- TASK DIRECTIONS
Only one stretch of the records below should be repeated. It starts with the line containing "RTX 4080 Palit GameRock Omniblack" and goes on through the line containing "Pastrypreneur", exactly as written.

- THE RECORDS
>>>>>

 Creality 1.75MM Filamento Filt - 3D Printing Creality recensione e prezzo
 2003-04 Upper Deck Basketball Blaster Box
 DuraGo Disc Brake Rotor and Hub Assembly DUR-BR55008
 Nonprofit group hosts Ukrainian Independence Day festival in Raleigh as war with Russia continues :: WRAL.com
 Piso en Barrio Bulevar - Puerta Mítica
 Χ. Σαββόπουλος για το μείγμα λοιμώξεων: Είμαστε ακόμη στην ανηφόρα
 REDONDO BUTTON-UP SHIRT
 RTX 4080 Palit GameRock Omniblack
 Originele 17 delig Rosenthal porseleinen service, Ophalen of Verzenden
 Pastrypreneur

<<<<<
>>>>>

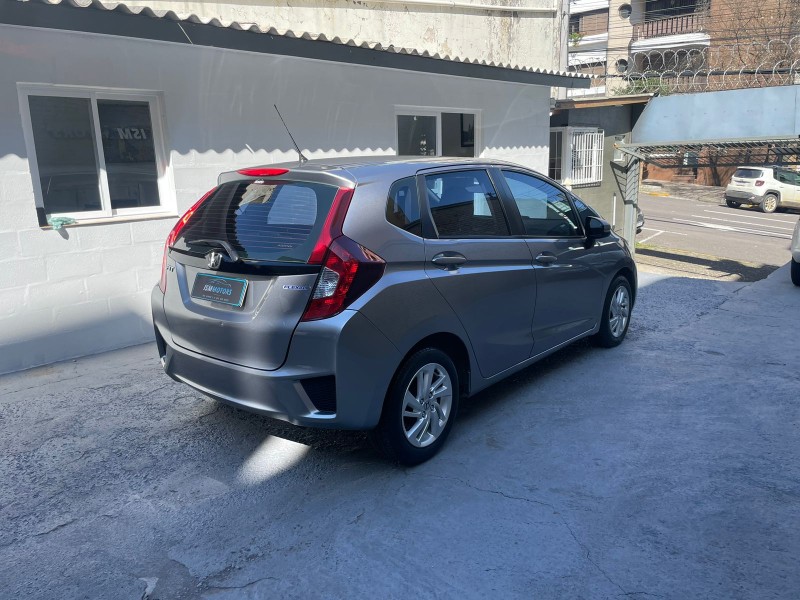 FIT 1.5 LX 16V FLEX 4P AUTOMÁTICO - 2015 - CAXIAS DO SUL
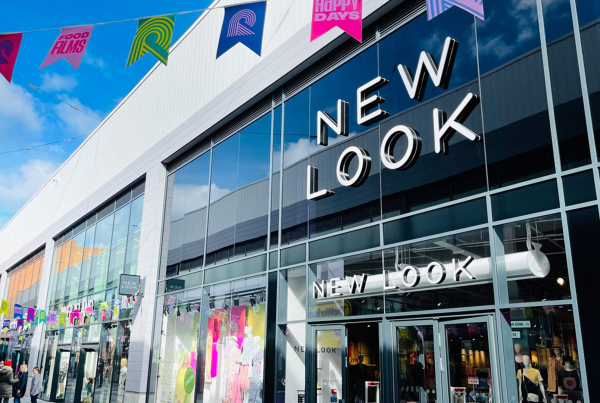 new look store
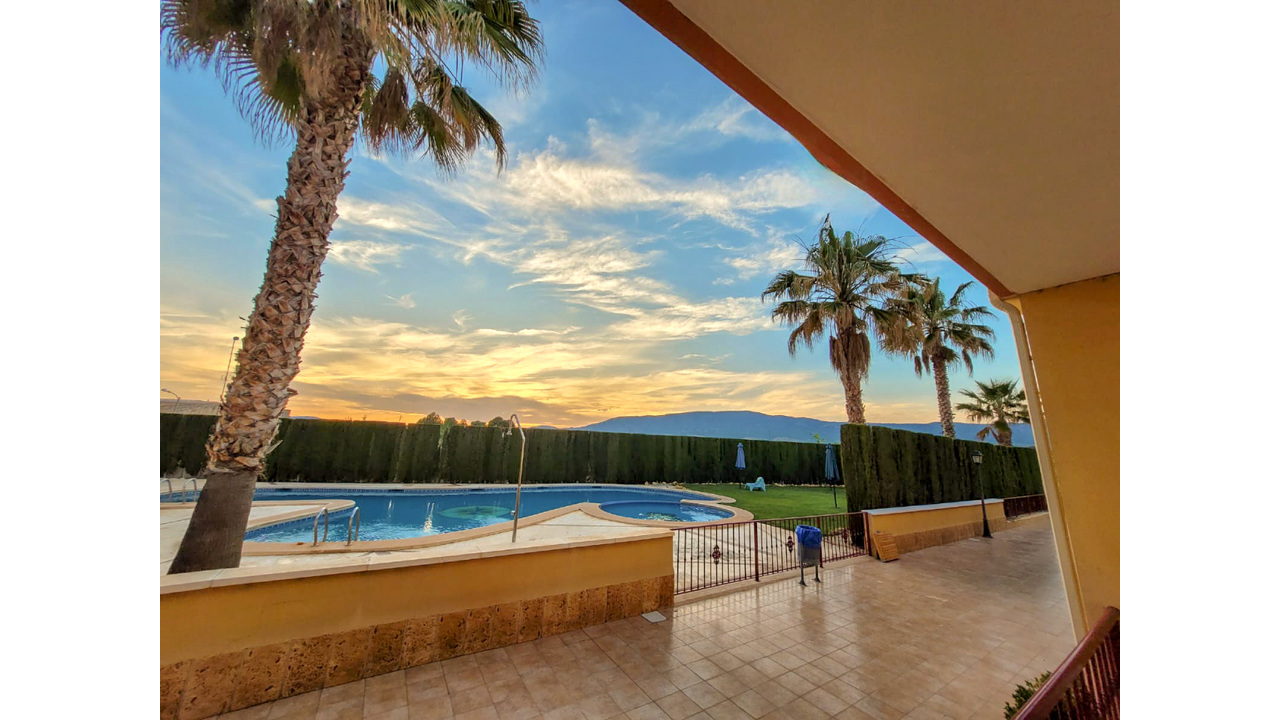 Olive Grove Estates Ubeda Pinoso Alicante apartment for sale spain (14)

<<<<<

- TASK SOLUTION
 RTX 4080 Palit GameRock Omniblack
 Originele 17 delig Rosenthal porseleinen service, Ophalen of Verzenden
 Pastrypreneur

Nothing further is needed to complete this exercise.